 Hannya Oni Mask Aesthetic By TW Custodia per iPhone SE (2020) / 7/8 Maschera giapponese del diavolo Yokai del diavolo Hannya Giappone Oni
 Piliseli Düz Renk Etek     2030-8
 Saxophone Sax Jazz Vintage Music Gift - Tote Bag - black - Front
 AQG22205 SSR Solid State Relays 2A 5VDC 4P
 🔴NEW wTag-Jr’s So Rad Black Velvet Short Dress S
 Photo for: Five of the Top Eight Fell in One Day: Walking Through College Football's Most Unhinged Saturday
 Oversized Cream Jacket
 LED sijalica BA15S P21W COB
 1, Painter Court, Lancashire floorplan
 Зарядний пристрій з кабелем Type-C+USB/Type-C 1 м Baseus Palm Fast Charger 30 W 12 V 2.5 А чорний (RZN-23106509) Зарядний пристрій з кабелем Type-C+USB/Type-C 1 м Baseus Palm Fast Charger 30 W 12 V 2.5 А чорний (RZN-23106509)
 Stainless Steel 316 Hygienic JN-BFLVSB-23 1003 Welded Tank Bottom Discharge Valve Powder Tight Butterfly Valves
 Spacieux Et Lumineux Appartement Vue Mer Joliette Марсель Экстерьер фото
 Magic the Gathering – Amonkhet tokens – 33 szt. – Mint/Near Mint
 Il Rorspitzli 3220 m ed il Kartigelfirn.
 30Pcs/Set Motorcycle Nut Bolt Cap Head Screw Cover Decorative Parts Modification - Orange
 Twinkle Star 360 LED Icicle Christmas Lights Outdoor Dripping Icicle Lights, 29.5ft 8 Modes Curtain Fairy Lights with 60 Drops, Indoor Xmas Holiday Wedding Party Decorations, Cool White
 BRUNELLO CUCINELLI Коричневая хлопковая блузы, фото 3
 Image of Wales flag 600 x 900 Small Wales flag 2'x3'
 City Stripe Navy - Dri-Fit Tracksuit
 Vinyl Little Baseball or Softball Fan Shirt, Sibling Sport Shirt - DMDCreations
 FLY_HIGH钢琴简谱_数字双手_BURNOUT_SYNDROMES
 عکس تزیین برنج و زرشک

§

### Aim of the task
Some lines of the records may contain the string "фото". State how many do, as a number alone.

### Response to the task
2